Wednesday, May 4, 2011

The Source Code (2011)

The Chicago skyline accosts you in the opening credits of the Source Code, as we follow the progress of an innocuous looking train chugging along to the heart of the city. As the train crosses a lake, you notice a couple of stray geese skimming the surface of the water.

This isn’t the last you’ve seen of them. Not by a long shot.

The Source Code can easily be written off as a one-gimmick movie by someone who’s just heard the plot. So you have a man who finds himself on a train, no idea how he got there, no idea why the face in the mirror doesn’t actually belong to him – at first. Complicating matters is the fact that the train explodes in 8 minutes. And a fragment of him survives the explosion to then be given vague mission details by a no-nonsense general. The outlines soon emerge – however, I’m going to resist spoiling any of it for you because this is a movie that needs to be discovered. All I’ll spill is that our man is to revisit these 8 minutes many, many times over the course of the movie, Groundhog Day style, to figure out the identity of the bomber.

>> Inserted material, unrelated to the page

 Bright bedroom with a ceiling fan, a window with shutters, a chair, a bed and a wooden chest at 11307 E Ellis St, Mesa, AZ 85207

Of course, the science of the thing is preposterous, of course it requires you to make a fair few leaps of faith, and of course some of this plot seems derivative. But never you mind – the Source Code is one hell of a thrill ride, and by the surprisingly emotional closing moments, all crises of faith for this reviewer at least lay quelled.

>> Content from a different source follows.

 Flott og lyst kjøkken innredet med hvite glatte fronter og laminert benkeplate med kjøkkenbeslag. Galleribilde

For one, this is a satisfyingly smart movie, that isn’t in love with its own cleverness, doesn’t go out of its way to be oblique, and actually allows discerning viewers to put together the pieces of the puzzle for themselves. Remember watching The Prestige? Remember enjoying the thrilling play-off between Christian Bale and Hugh Jackman as things escalated to a thundering climax that …… made you want to slap Christopher Nolan. The twist in the tale was cheap and tacked on. It may have been foreshadowed, yes, but it was basically fantasy constructing a completely new rule of fantasy to deal with the vagaries of a convoluted plot. Now, the Source Code has the chance to teeter into that territory – so its wonderful how it gracefully sidesteps it. While it does feature the obligatory final act twist, it’s one of the more rewarding ones I’ve seen in a while particularly in a science fiction movie. I actually remembering hoping the movie would go there, and what a thrill when it actually managed to have the guts to take the idea to its logical conclusion.

Right, I know this all sounds horrendously vague, but you will thank me once you’ve seen the movie. What I can talk about more forthrightly is the great trio of performances that holds the movie together. When we’re dealing with so called “hard” sci-fi, its easy to step into ponderous territory, so losing the fun of the whole thing. This is yet another peril of the genre that the Source Code manages to side step, starting with Jake Gyllenhaal’s great self-aware portrayal of the protagonist. Leads in these movies are often thankless roles, with the director or the script usually labelled the star performer, but its easy to see this movie failing miserably with the overdone gruff-tortured portrayal that someone like Leonardo Di Caprio would’ve inflicted on it. There’s a great cheekiness that Gyllenhaal exhibits which significantly elevates the proceedings. Crackling chemistry with Michelle Monaghan, his co-passenger for the course of the movie helps too, particularly in grounding the stakes for the denouement. Vera Farmiga manages to bring her brand of empathy to another thankless character stereotype – tough outside, soft inside military commander.

But okay, back to the star performer. This is Duncan Jones’ sophomore effort, his first being the excellent (also sci-fi) Moon. In both his features, Jones exhibits a remarkable take on the contemporary science fiction genre: they are movies of ideas just as much as they set out to thrill. Both, too, let slip a fear of where technology might take us in less obvious ways than “Computers are evil! HAL FOR THE WIN!”.

Most importantly though, both confirm that Jones is definitely a filmmaker to watch out for.

Share

1 comment:

  1. Too many loopholes to count
    or maybe I'm just bitter cause my goddamn quantum calculus is hyperbolic.